**Provided data:**
<<<<
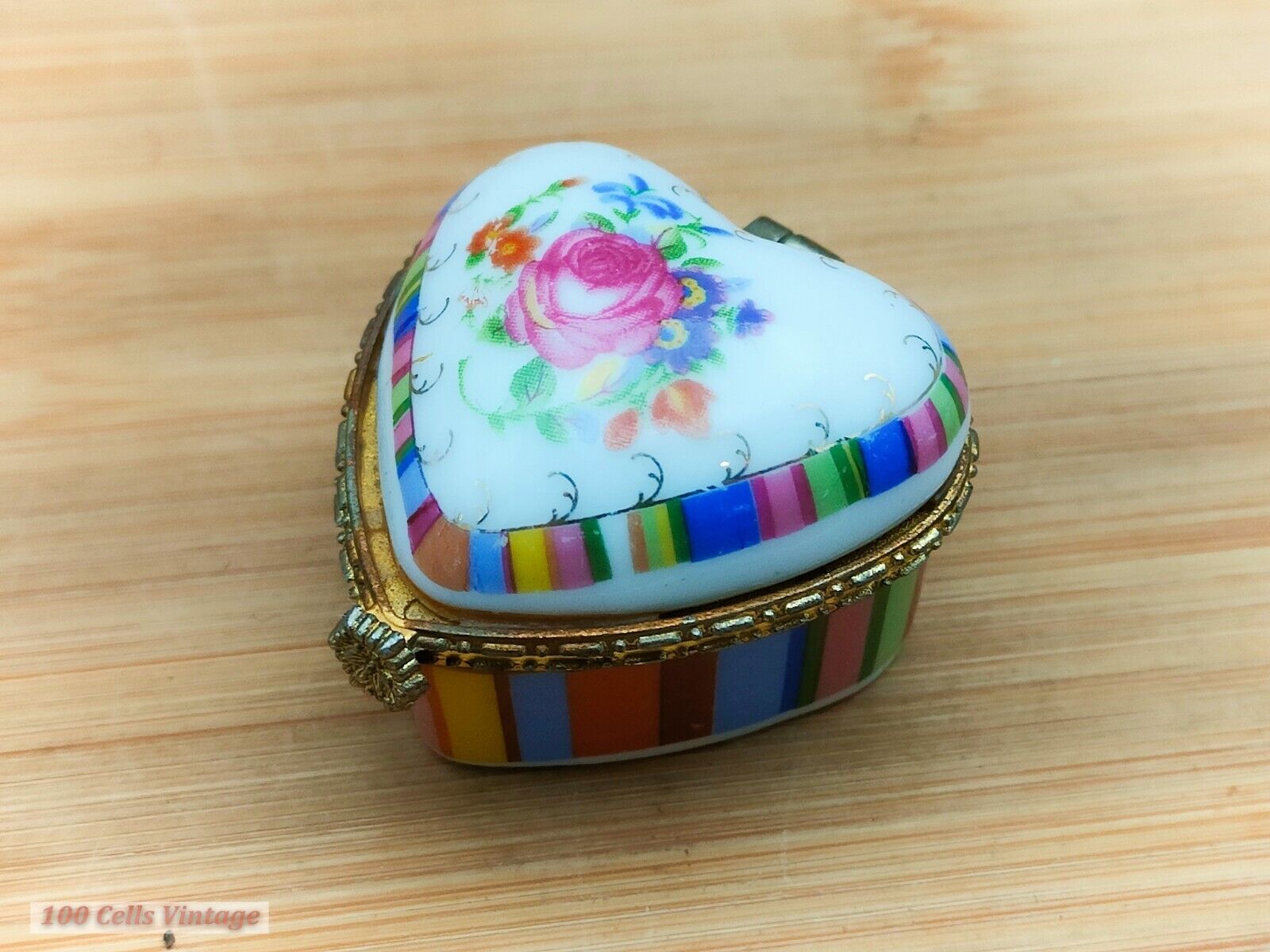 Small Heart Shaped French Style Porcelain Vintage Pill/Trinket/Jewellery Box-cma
>>>>
<<<<
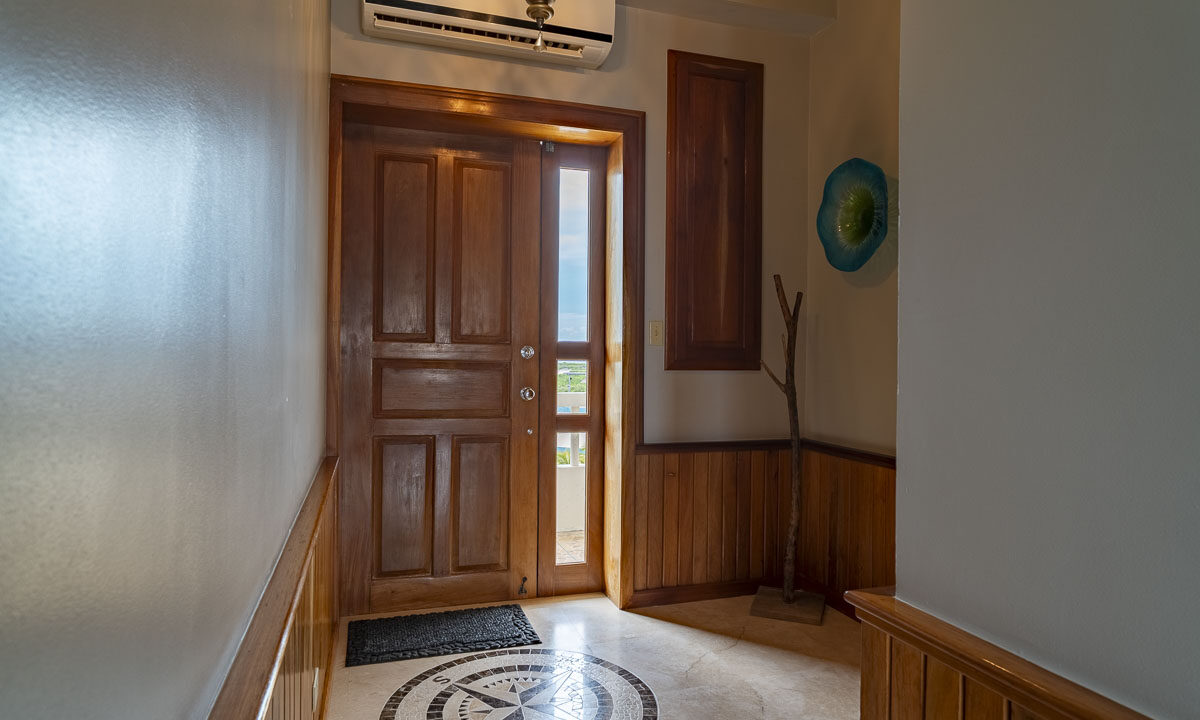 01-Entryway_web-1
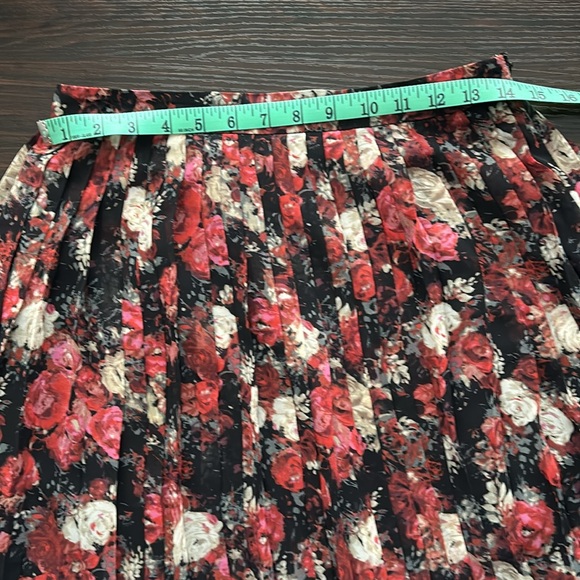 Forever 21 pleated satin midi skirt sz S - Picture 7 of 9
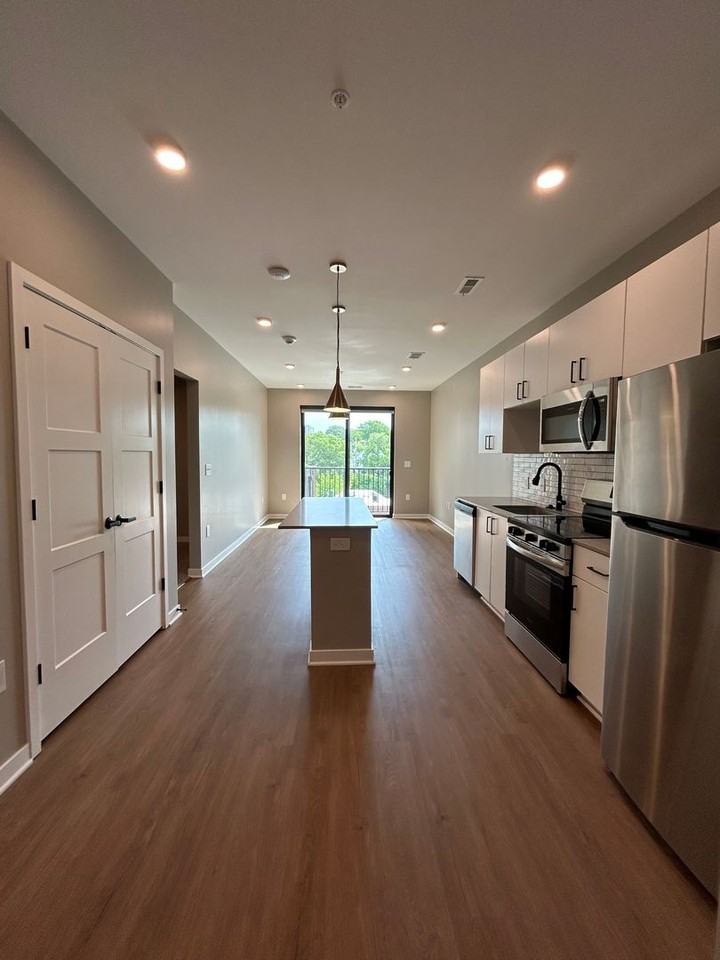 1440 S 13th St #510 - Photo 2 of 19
>>>>
**Task details:** Give again the stretch of the entries above that begins at the line with "01-Entryway_web-1" and ends at the line with "1440 S 13th St #510 - Photo 2 of 19", word for word, with no pictures.

**Task result:**
 01-Entryway_web-1
 Forever 21 pleated satin midi skirt sz S - Picture 7 of 9
 1440 S 13th St #510 - Photo 2 of 19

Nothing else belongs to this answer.